WHAT IS BEING ASKED:
Using the listing below, please print exactly the lines from the one with "Australia's Lucas Herbert" through the one with "82 - Three boxes". Leave out every picture.

Segment Start: AVAILABLE DATA

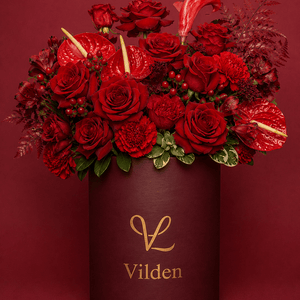 Sultry and luxurious Velvet Ember featuring intense, rich reds for deep, quiet love. Handcrafted with premium blooms.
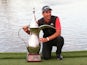 Australia's Lucas Herbert celebrates winning the Dubai Desert Classic with the trophy on January 26, 2020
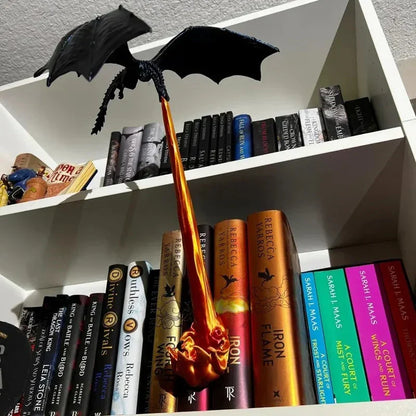 Dragon Book Lamp breathing fire between two shelves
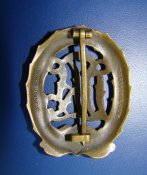 Знак DRL в бронзе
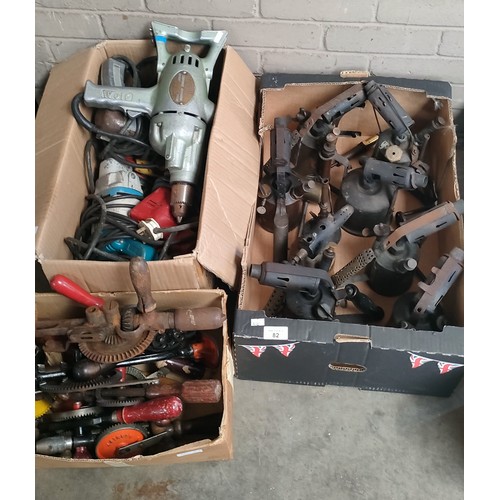 82 - Three boxes of mixed tools; Burners, Hand crank brace drills and Wolf electrical tools.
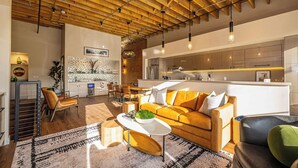 A modern living room with a wooden ceiling, a sofa, a coffee table, and a kitchen area in the background. - Historic Elegance with Balcony Downtown View (Ogden)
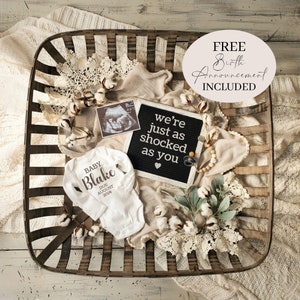 May include: A white onesie with the text "BABY Blake DUE AUGUST 2024" on it, a black letter board with the text "we're just as shocked as you", a white blanket, a wooden basket, a cotton ball garland, and a white cotton flower arrangement.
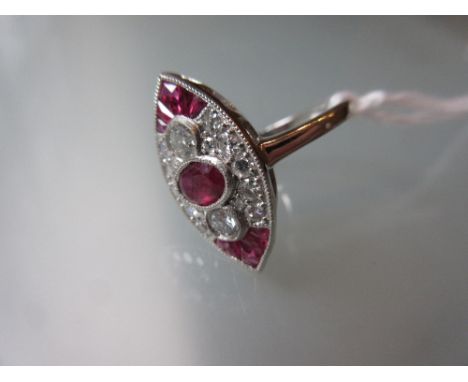 Platinum ruby and diamond marquise shaped panel ring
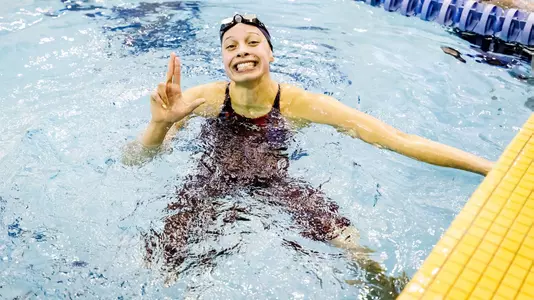 Liberty Williams smiles as she looks at her finish time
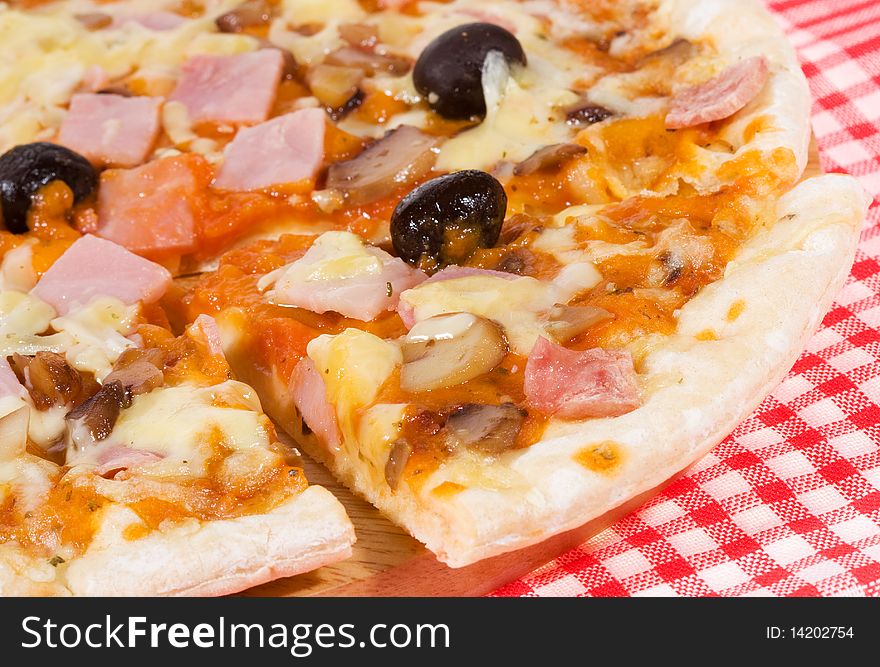 Pizza with ham and vegetables as background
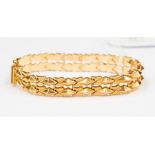 An 18ct yellow gold fancy link bracelet, comprising articulated raised triangular links and textured
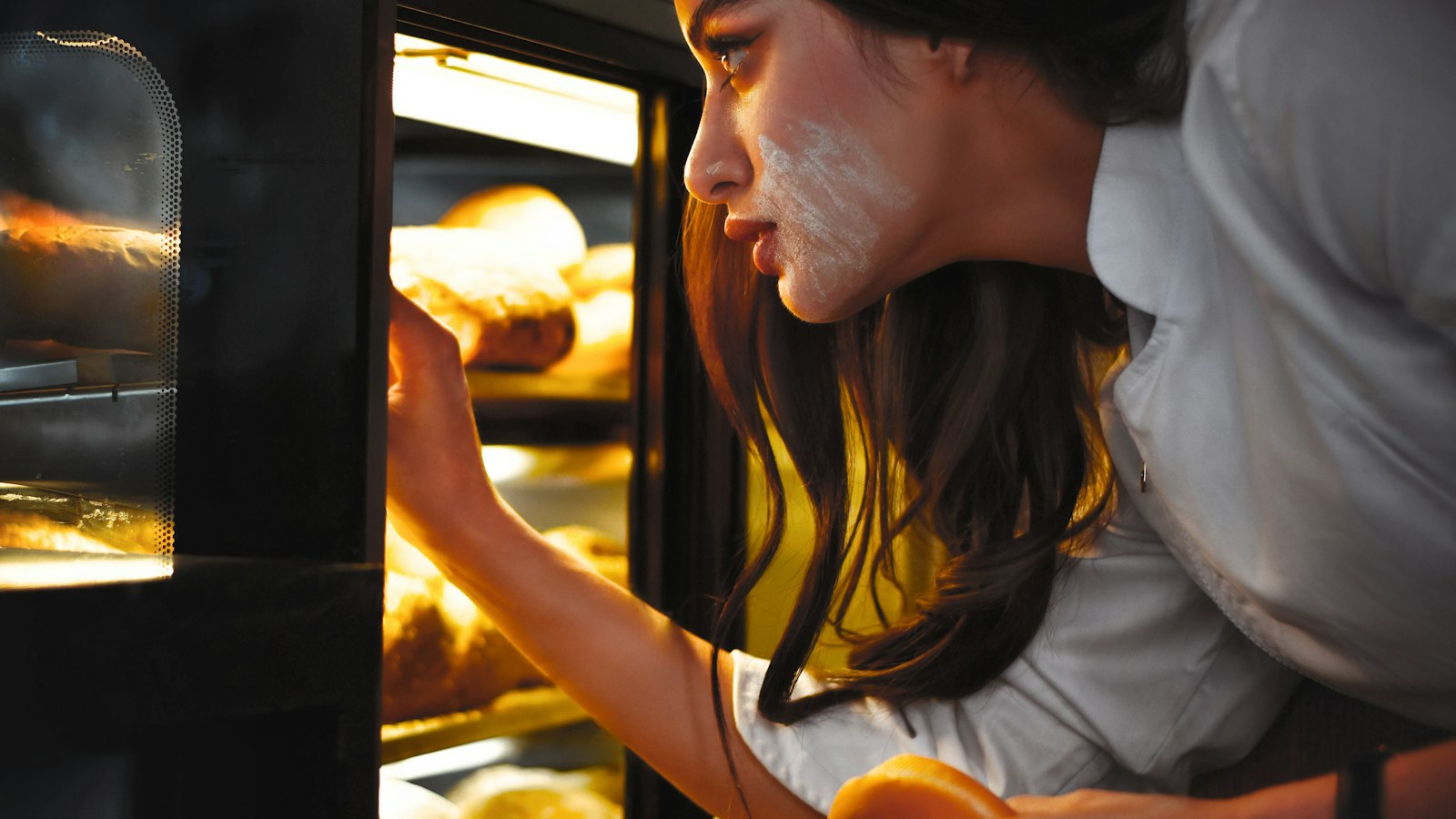 Woman checking food in a wall oven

Segment End: AVAILABLE DATA

RESULT OF THIS TASK:
 Australia's Lucas Herbert celebrates winning the Dubai Desert Classic with the trophy on January 26, 2020
 Dragon Book Lamp breathing fire between two shelves
 Знак DRL в бронзе
 82 - Three boxes of mixed tools; Burners, Hand crank brace drills and Wolf electrical tools.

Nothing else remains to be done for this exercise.